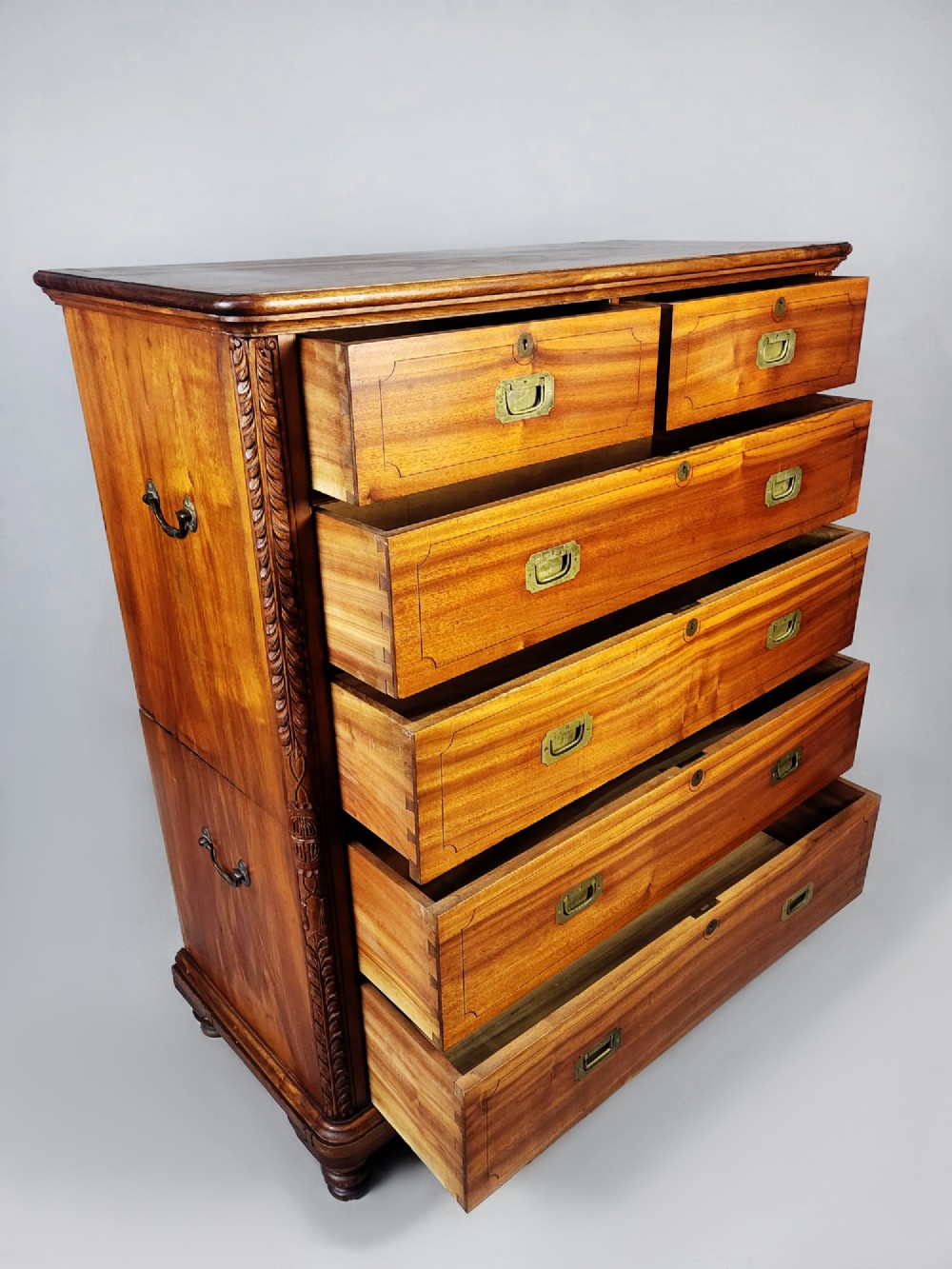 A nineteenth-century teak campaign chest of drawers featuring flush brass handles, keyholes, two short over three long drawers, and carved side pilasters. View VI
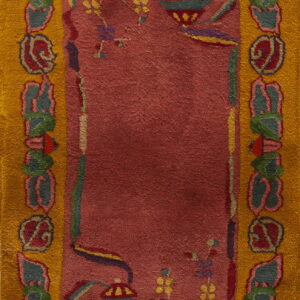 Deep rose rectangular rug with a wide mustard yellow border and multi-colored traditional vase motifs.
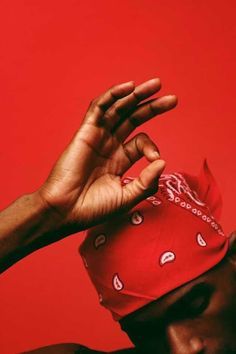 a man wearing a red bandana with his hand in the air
________
## WHAT THE TASK ASKS:
All of the listing is to be written out exactly, with the pictures left out.

## EXPECTED ANSWER:
 A nineteenth-century teak campaign chest of drawers featuring flush brass handles, keyholes, two short over three long drawers, and carved side pilasters. View VI
 Deep rose rectangular rug with a wide mustard yellow border and multi-colored traditional vase motifs.
 a man wearing a red bandana with his hand in the air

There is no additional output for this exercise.